Digital signal processing; Blackfin DSP; uC Linux; code performance
V súčasnosti sa vstavané aplikácie využívajúce digitálne signálové procesory stávajú stále populárnejšími. Jedným z podstatných kritérií pri rozhodovaní o výslednej hardvérovej platforme pre danú konštrukciu je aj cena a dostupnosť vývojových prostriedkov. Dostupnou platformou pre implementáciu úloh spracovania signálov je rodina signálových procesorov Blackfin. Výrobca týchto procesorov (spoločnosť Analog Devices, Inc.) ponúka kompletné integrované vývojové prostredie pre vývoj programového vybavenia. Vysoká cena tohto prostredia však môže byť limitujúcim faktorom pri rozpočtovo citlivých aplikáciách. Tento článok analyzuje možnosti alternatívneho nástroja pre vývoj aplikácií pre procesor Blackfin na báze GNU, pričom dôraz je kladený na porovnanie komerčného vývojového nástroja a jeho GNU alternatívy.
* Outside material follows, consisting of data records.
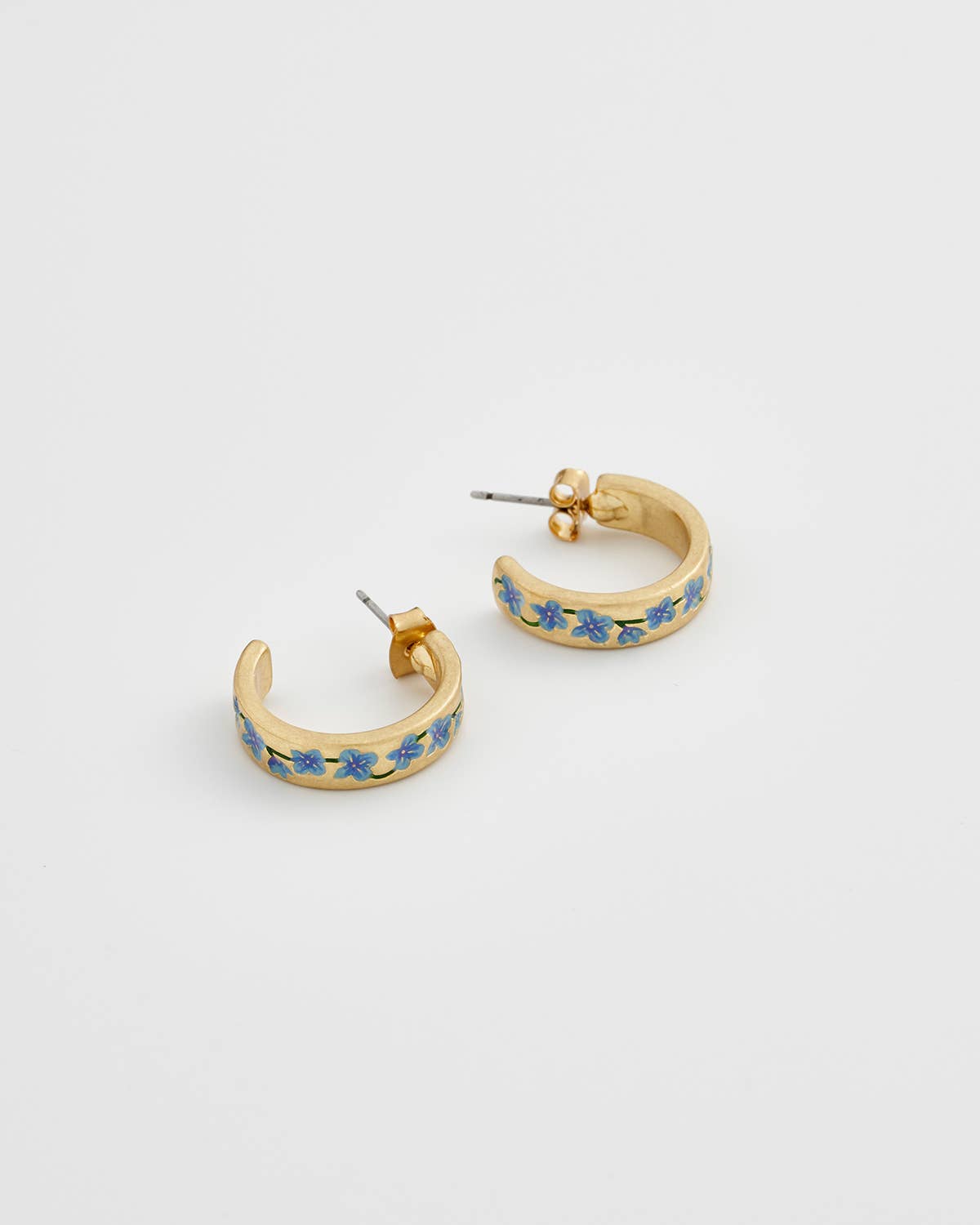 Blue Forget-Me-Not Hoop Earrings - Out of the Blue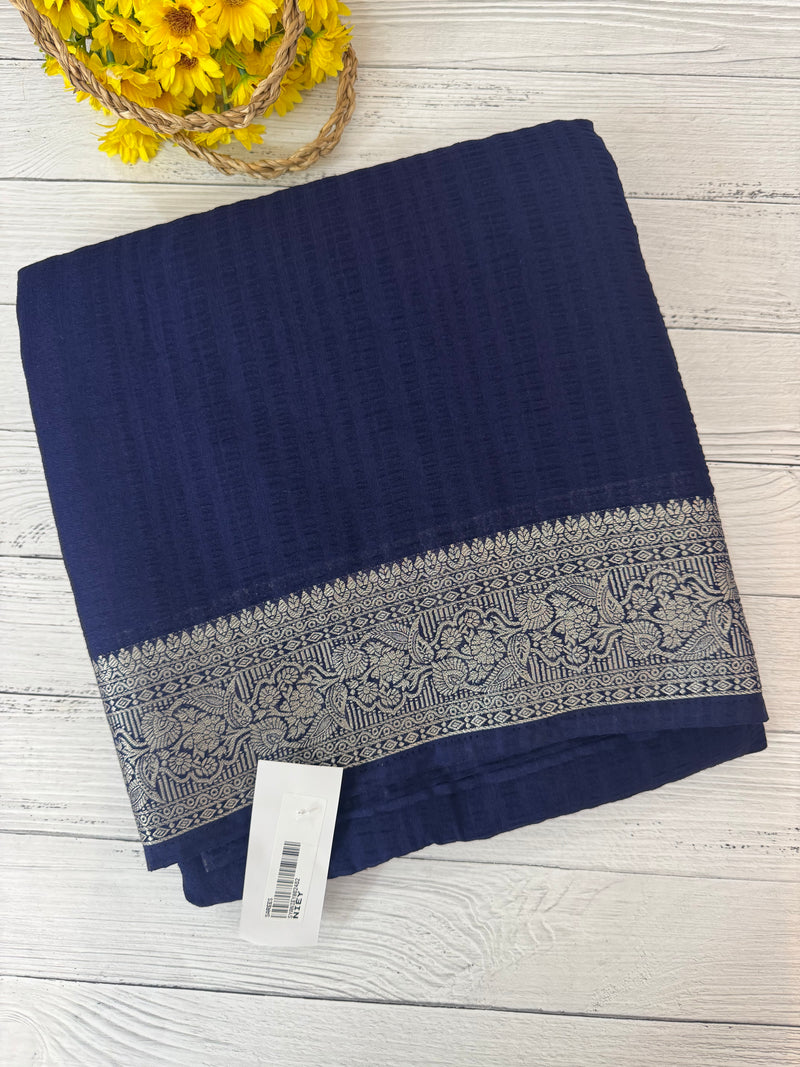 Crepe Banarasi viscose Georgette saree with brocade blouse MS953211- DarkBlue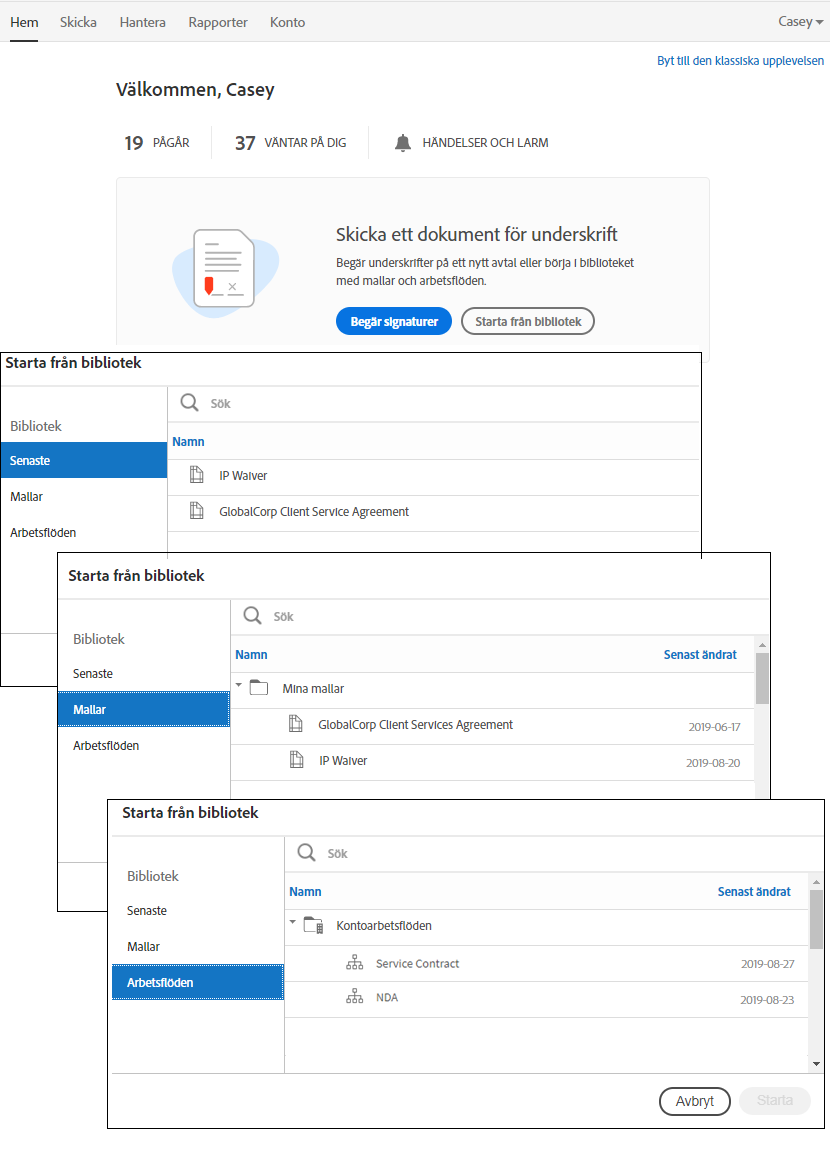 Bifoga från startsidan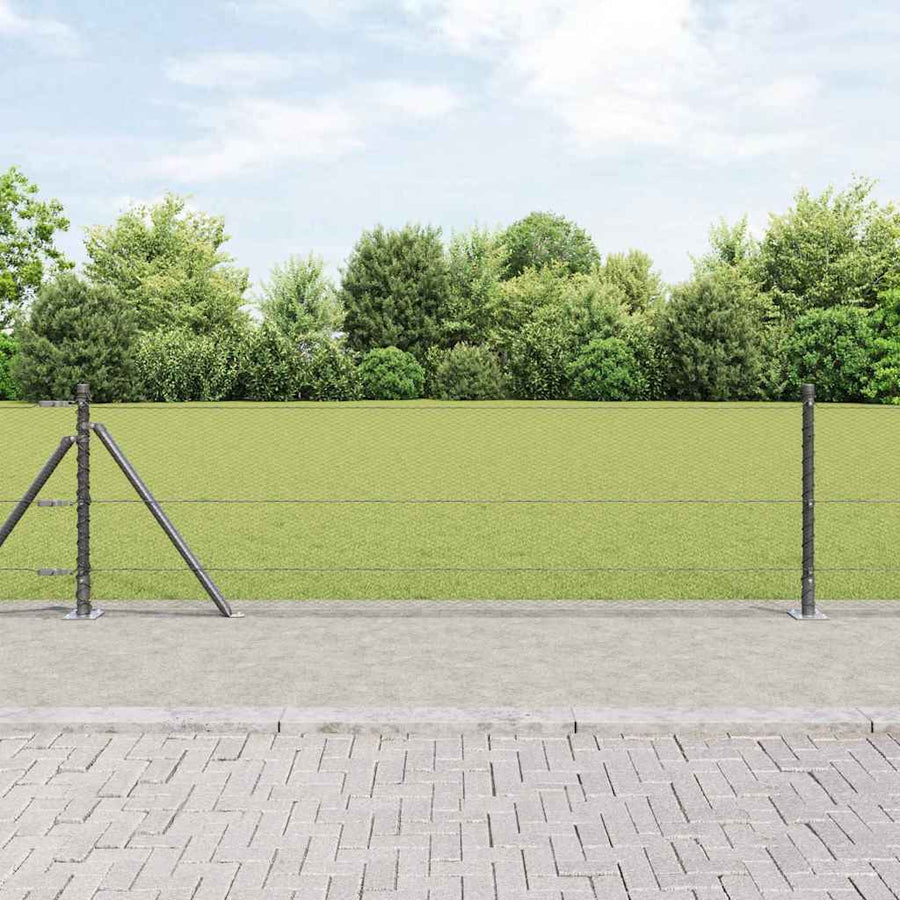 Afrasteringspaal Grijs 10 x 0,6 m (13 mm gaas) Staal en PVC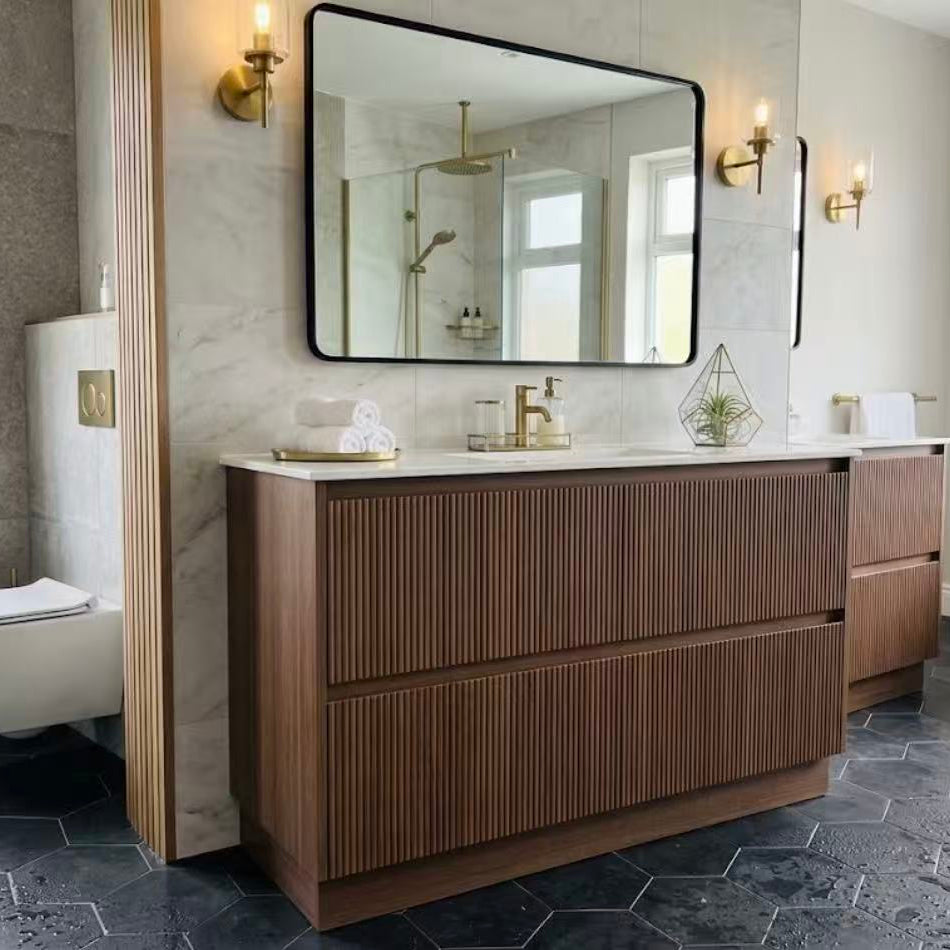 PLYWOOD 1500 RIVIERA OAK FLUTED FLOOR STANDING VANITY WITH CERAMIC TOP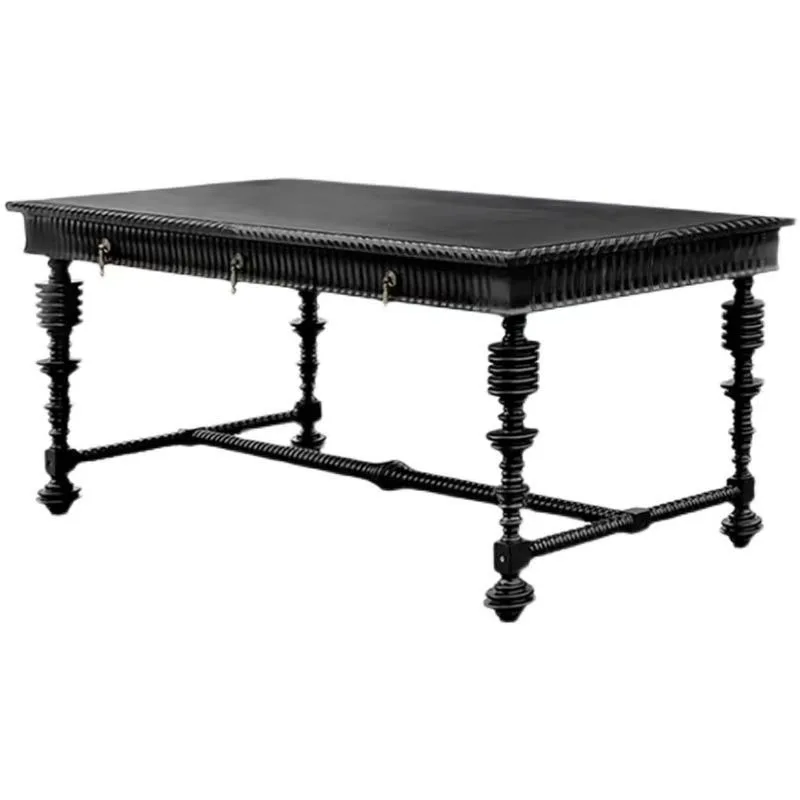French American light luxury retro medieval study desk, homestay black long table, writing desk, computer desk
Práca rozoberá z pohľadu optimalizácie a výkonu výsledného kódu vhodnosť použitia nástrojov GNU pre aplikácie spracovania obrazu.
digitálne spracovanie obrazu; Blackfin DSP; uC Linux
Embedded applications constructers are facing the problem of appropriate microprocessor platform selection for their desired design. In the field of embedded signal and image processing the Blackfin® family of digital signal processors seems to be advantageous considering the performance ratio, RISC-like (Reduced Instruction Set Computing) microprocessor architecture and integrated peripherals. Usually implementation limiting factors are not only performance and unitary price, but also costs connected with development tools for given architecture. Analog Devices, Inc. as the Blackfin® processors family manufacturer offers optimized integrated development environment. In case of price-sensitive implementations (prototype development, special customer or private solutions), where it is needed to minimize the initial or projected costs, an alternative for standard commercially offered development tools must be utilized.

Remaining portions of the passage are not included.